**Raw data**
+===+

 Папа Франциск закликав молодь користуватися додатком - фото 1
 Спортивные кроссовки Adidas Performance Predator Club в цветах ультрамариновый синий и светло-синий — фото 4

+===+

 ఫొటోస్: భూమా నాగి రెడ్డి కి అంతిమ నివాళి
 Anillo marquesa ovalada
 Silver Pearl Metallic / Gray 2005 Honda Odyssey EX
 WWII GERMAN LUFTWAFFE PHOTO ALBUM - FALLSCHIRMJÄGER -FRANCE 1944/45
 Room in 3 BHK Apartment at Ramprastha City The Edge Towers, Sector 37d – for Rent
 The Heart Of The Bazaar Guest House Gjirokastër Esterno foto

+===+

**The task**
Using the records above, restate word for word the lines from the one with "WWII GERMAN LUFTWAFFE" through the one with "The Heart Of", both included.

**Expected output**
 WWII GERMAN LUFTWAFFE PHOTO ALBUM - FALLSCHIRMJÄGER -FRANCE 1944/45
 Room in 3 BHK Apartment at Ramprastha City The Edge Towers, Sector 37d – for Rent
 The Heart Of The Bazaar Guest House Gjirokastër Esterno foto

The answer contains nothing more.